In the listing that follows, find the line with "2 X Alter Türknauf Messing", then copy exactly from it through the line with "ARKOMAG TRIPLO MAGNESIO 20 BUSTE", leaving out every picture.
** SOURCE DATA follows **
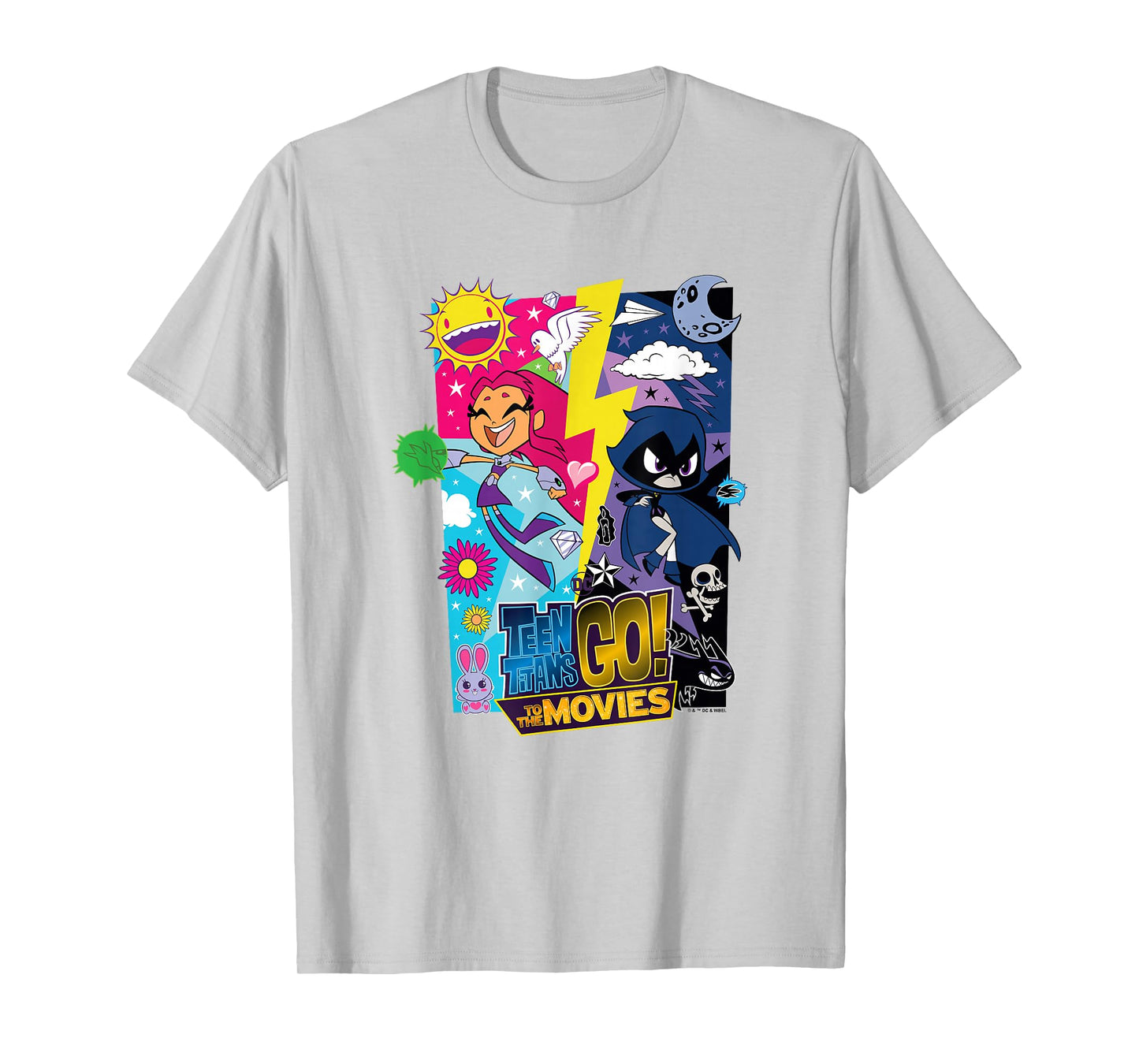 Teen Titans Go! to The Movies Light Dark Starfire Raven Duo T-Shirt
** End of SOURCE DATA **
** SOURCE DATA follows **
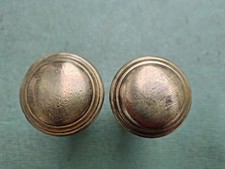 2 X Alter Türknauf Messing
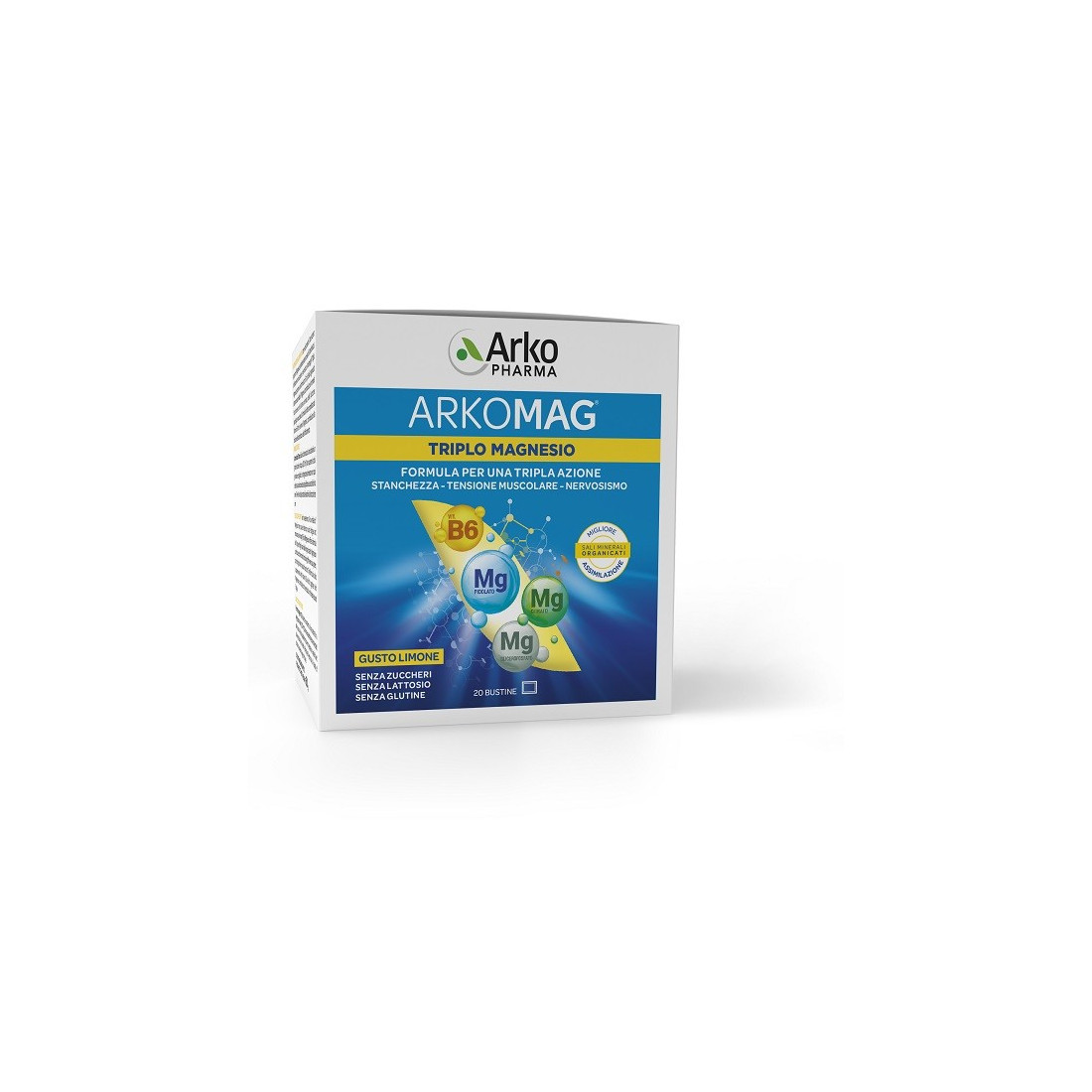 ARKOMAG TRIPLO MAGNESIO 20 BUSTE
** End of SOURCE DATA **
#### RESULT OF THIS EXERCISE:
 2 X Alter Türknauf Messing
 ARKOMAG TRIPLO MAGNESIO 20 BUSTE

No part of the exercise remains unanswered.